### What is expected
Return each record shown below exactly, with none omitted.

Data extracted from a collection:
▼

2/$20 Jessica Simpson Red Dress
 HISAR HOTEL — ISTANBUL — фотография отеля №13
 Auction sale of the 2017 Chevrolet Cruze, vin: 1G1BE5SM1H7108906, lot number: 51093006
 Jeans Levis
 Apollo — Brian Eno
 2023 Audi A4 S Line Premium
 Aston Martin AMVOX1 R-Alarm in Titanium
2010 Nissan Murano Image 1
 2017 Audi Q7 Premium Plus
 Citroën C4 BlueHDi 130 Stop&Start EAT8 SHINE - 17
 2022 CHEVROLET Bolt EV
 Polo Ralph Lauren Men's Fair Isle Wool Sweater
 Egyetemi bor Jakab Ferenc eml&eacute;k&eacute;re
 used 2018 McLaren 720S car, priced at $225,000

▲

### Solution to this exercise
2/$20 Jessica Simpson Red Dress
 HISAR HOTEL — ISTANBUL — фотография отеля №13
 Auction sale of the 2017 Chevrolet Cruze, vin: 1G1BE5SM1H7108906, lot number: 51093006
 Jeans Levis
 Apollo — Brian Eno
 2023 Audi A4 S Line Premium
 Aston Martin AMVOX1 R-Alarm in Titanium
2010 Nissan Murano Image 1
 2017 Audi Q7 Premium Plus
 Citroën C4 BlueHDi 130 Stop&Start EAT8 SHINE - 17
 2022 CHEVROLET Bolt EV
 Polo Ralph Lauren Men's Fair Isle Wool Sweater
 Egyetemi bor Jakab Ferenc eml&eacute;k&eacute;re
 used 2018 McLaren 720S car, priced at $225,000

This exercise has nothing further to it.